*Work required*
Begin at the line containing "Çiçek Desenli Temperli" in the data below and go on through the line containing "Suéter masculino Hugo", repeating each line exactly; include both ends and no other line.

*Information shown*
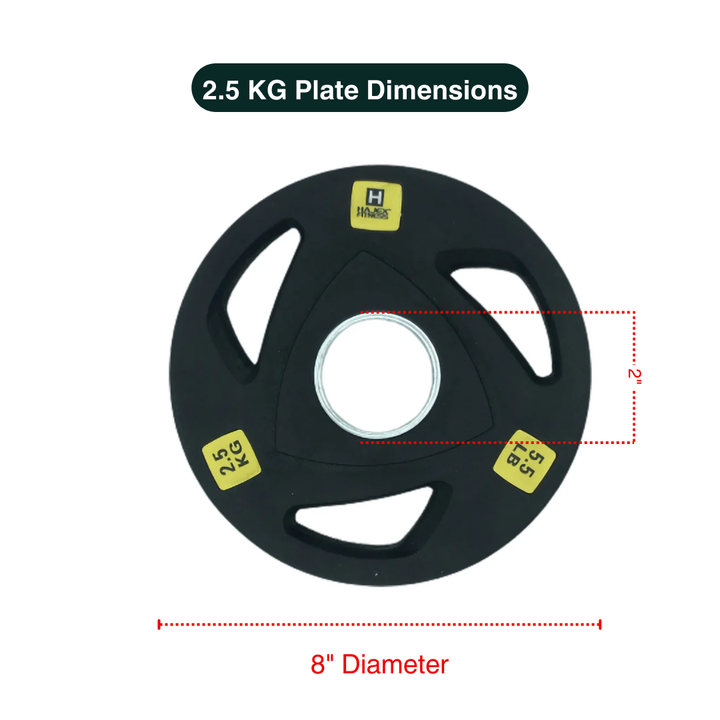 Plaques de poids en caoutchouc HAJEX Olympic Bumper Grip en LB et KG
==
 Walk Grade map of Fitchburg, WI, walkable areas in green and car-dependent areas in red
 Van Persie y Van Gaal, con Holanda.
* * *
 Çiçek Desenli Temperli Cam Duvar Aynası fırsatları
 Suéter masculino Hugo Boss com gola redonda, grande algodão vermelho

*Output of the task*
 Çiçek Desenli Temperli Cam Duvar Aynası fırsatları
 Suéter masculino Hugo Boss com gola redonda, grande algodão vermelho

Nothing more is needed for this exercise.